There are many things in life that we cannot know: I have feelings for certain people. I believe, but do not know, that these feelings are love and that these people love me in return. This makes me happy. I believe, but do not know, this happiness is legitimate, and worth considerable sacrifice, for my benefit and for the benefit of the people I love. I believe now that writing can in fact play an incremental role in reducing human suffering. I don’t believe writing is the only or best way that I can help other people, but I no longer feel criminal – at least most of the time – for devoting so much of my energy to it.

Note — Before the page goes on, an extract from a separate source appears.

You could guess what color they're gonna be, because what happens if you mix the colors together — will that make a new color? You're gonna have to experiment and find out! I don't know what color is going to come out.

But – who knows? – I may be wrong.
Indeed, there are bleak four AMs when I question every one of my beliefs, when my whole life seems to become a nightmare version of itself; I feel lonely and crazy, and sweat with shame and fear. But then, eventually, everything returns more or less to normal, and I go on more or less as I always have. Does this mean that I am living a lie? Partly, I guess. Does it mean that I am “addicted to indulgence of superficial emotion”? That I am sentimental? Perhaps. But this is another thing I can’t know for sure.

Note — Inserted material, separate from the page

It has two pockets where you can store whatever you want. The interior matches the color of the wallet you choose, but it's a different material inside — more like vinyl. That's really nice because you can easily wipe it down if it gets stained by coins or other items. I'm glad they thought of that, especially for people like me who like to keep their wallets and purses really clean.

I do know, however, that were I to try to be absolutely invulnerable to the charge of sentimentality, I could not be myself; I could not lead my life. To deny myself the right to act on beliefs of which I am not certain, would be to confine myself to only the most stark and rudimentary form of existence – a life devoid of intimacy, achievement, beauty or joy. I could never have experienced love such as I know it without first having believed in love. I could never have accomplished many of the most worthwhile things I have done in life without believing – in advance of any justification of my belief – that these things were worthwhile and that I was capable of doing them. And no pleasure can be fully savored without seeming, however briefly, to be all that really matters.
In the end, I think, the concept of sentimentality is like every other ideal: a signpost indicating a path through the real but pointing only toward the imaginary. In “real life,” this existence we must live, the ideal of total freedom from sentimentality is “unattainable.” The best we can manage is Milosz’s choice: to join the wedding dance even as we remember the abyss. The degree to which we deny the abyss marks, I suppose, the degree to which we are sentimental. But only in theory. Because, of course, the ideal balance between participation in the dance and mindfulness of the abyss is also “unattainable,” and any attempt to calibrate it merely another thing we do “as if.”

AND SO, FOR a moment at L'Isle sur la Sorgue, the woman and I looked away from one another, took sips from our wine, and then began to talk trivialities. I remember feeling disappointed, but also relieved. There was, of course, much we could have said to each other about Milosz and the nature of sentimentality – but such discussion would have been difficult, even dangerous, given how little we knew one another and the fact that I was already angry. Eventually we rejoined the general conversation, and helped empty the bottle of wine. Then we all went off to a restaurant where more bottles of wine were consumed.
After dinner, our whole group wandered the town, stopping every now and then to watch an ancient waterwheel turn slowly under a streetlight, or to look at a shimmering reflection in a black canal. Did the woman and I talk during any of this? Did we ever walk side by side, exchanging observations and jokes? Or did we keep to the vicinity of our mates and our mutual friends, observing each other only out of the corners of our eyes? And when we said goodbye, did we merely nod? Or smile? Did we kiss cheeks? None of this survives in my memory. All I know for certain of that night many years ago is that for a while we talked, and then we parted—never to see each other again. Everything else is imaginary.